(Stored records)
※ ※ ※
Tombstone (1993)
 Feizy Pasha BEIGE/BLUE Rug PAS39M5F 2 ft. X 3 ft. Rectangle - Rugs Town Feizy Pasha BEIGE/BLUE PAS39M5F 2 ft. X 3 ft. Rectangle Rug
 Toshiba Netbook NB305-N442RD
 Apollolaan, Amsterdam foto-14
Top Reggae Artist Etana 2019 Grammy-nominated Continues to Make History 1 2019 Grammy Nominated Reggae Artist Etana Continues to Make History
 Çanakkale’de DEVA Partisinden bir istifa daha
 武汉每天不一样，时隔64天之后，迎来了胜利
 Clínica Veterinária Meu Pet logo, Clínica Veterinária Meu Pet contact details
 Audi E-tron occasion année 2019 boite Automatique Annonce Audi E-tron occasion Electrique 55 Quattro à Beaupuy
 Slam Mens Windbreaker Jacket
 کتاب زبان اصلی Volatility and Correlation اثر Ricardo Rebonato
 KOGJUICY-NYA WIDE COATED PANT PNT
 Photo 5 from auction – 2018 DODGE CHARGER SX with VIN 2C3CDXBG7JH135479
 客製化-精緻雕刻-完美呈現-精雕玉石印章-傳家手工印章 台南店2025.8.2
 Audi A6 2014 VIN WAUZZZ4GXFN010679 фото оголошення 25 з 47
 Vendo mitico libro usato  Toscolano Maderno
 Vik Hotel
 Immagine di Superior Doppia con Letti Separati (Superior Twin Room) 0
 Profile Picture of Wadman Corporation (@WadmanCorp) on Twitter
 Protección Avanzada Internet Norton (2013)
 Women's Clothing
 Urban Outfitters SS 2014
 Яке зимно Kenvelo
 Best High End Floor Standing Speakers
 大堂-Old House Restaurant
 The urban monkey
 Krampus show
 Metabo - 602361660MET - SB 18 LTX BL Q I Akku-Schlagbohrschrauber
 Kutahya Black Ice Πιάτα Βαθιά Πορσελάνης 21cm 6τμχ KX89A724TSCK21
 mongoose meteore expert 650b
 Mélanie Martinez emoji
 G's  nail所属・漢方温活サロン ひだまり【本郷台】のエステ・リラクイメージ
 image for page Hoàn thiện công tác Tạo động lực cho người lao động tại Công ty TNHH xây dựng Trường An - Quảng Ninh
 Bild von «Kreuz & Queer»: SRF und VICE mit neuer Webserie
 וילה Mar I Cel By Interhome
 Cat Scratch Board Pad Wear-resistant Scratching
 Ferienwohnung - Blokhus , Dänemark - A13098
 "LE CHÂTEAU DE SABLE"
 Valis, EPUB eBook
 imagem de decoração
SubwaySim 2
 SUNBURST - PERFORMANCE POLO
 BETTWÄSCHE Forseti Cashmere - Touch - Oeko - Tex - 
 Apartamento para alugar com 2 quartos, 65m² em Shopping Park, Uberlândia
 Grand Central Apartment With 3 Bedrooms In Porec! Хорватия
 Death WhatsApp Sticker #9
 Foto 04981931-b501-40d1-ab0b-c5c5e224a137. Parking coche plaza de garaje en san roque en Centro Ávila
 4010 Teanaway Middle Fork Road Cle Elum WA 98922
※ ※ ※
■ **To do**: Could you print, exactly and with nothing else, the lines from the one containing "Grand Central Apartment" through the last line of the records above?

■ **Result of this task**:
 Grand Central Apartment With 3 Bedrooms In Porec! Хорватия
 Death WhatsApp Sticker #9
 Foto 04981931-b501-40d1-ab0b-c5c5e224a137. Parking coche plaza de garaje en san roque en Centro Ávila
 4010 Teanaway Middle Fork Road Cle Elum WA 98922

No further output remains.